I wouldn’t say I feel robbed, because I don’t remember what it’s like to feel young. The world has always felt heavy to me, even before everything that happened. Father says it’s because I felt things more powerfully. I think I was just a brat that couldn’t handle things. It makes sense that you’d miss those times more. You’ve always been a sort of wistful person.
Not to say that quality of yours is bad. It isn’t. I think if I had an ounce of that nostalgia, I would spend more time finding that joy again than feeling the weight of its loss. Because the more I write this letter the more I realize you’re right. Maybe we did age too quickly, and turned into the worst versions of ourselves.
Whatever. What good does it do to dwell on what ifs?
I wouldn’t say you’re the worst version of yourself.
I think in light of what you’ve had to go through, you’re better than you should be. Not many people can feel and see what you have and come out a decent person, let alone someone who cares as much as you do. Don’t deny it. You care a lot. I’ve seen it time and time again. How you care for our friends. How you jump to our defenses in the midst of battle. How you challenge us to be better, faster, smarter.
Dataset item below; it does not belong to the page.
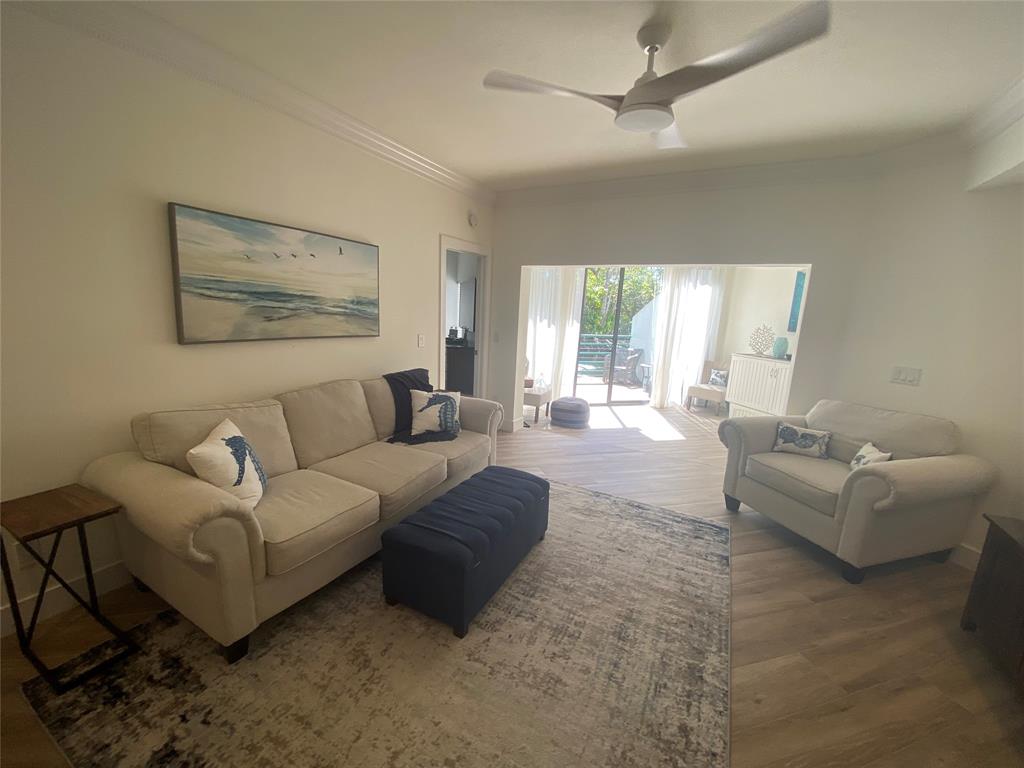 2286 Anchorage Lane, Unit A Naples, FL 34104 - Photo 10 of 41 a living room with furniture and a large window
I also don’t think many people would be as patient with me as you are, and I am eternally grateful for that. I don’t quite know what I’d do if one day you decided I wasn’t worth the effort. You wouldn’t be the first, but I think you’d be the first one to break me if you left.
I’m sorry. This is probably too sappy for your liking, but writing to you has reminded me how dearly I hold our friendship. Since this war started I feel like I’ve been wearing a mask, if that makes sense. I’ve just been pretending, acting out things my father wants me to do. Writing to you makes me feel like my true self, and I know you’ll understand me.
With the most sincerity,
I can’t lie anymore. I was overjoyed when I saw your letter arrive. I’m softening in my old age.
I’m very glad to have you, and to talk to you, and to understand you as you understand me.
Keep this letter. I won’t be repeating it.
My Dear Softie,
Be still my beating heart! The day has finally arrived where Felix Fraldarius rejoices at my presence.
It warms my bastard heart to read it, Felix. Trust me, the sentiment is shared. Every time I receive a letter I feel myself grow younger, more like myself. There’s something about writing to you, my best, closest friend, that reminds me of my own humanity in this time. We’re two people, not weapons of war.
On a side note, it’s funny of you to assume I haven’t been keeping your letters. This one will just go on the wall.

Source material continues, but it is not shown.